In the meat section of Village Fresh Market there is a laminated paper posted on the back wall with Scandinavian dancers holding a Swedish flag that reads: “Swedish Potato Sausage.” While it is unclear how long the paper has been there, Jim Stevens might be the person to ask.
Stevens has been making Swedish potato sausage in this meat market since 1965, the year that the current Village Fresh opened as Richland Market where he was the meat manager. While many Swedish families have their own unique variations to the recipe, for the past 49 years Stevens has used one passed down by an old Turlock butcher with six basic ingredients: potatoes, onions, beef, pork, salt, and pepper.
“It’s simple,” he said, noting that the customers often season it further when they cook it themselves.
In the meat case at Village Fresh Market there is a bowl in the back, behind the rib eye and rack of lamb, filled with this potato sausage. While the sausage seemingly blends in with the other meat offerings, individuals travel from Fresno to the Bay Area to purchase it, just one of many traditions in the Swedish culture for families near and far.

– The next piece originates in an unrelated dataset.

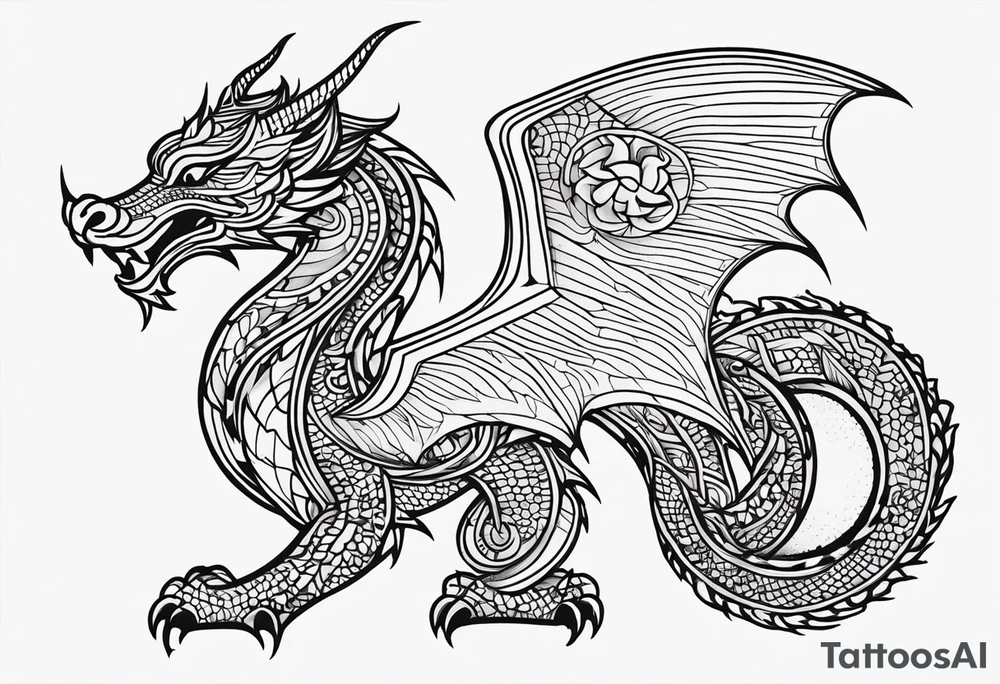 Mandala Wrapped Dragon tattoo idea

“When the early Swedes came over it was very important to stretch their meat,” explained Stevens.
While the sausage is a versatile meat for various dishes, making it is also labor intensive. Not only does Stevens peel and cut the potatoes and onions, he also grinds the meat before mixing it together and using a hydraulic stuffer to get the mixture into a natural hog casing.
“Back in the old days, they used to use a cow horn to get the casing on,” explained Stevens, showing just how old the tradition is.
While Stevens has continued to make the sausage for decades, he does have a helping hand from the current meat cutter at Village Fresh, Corey Laird. Working shoulder to shoulder with Laird, so far this year the duo has made three batches of Swedish potato sausage and will make three more by Christmas. While Stevens has trained half a dozen individuals over the years on how to properly make the sausage, people often find the process to be too much work.
“And it is,” said Stevens. “Not just making the sausage, but the cleanup is a chore too.”
So why does he do it?
“This is a lost art,” he says over his shoulder as he links the sausage. “Plus, it’s a hobby to me.”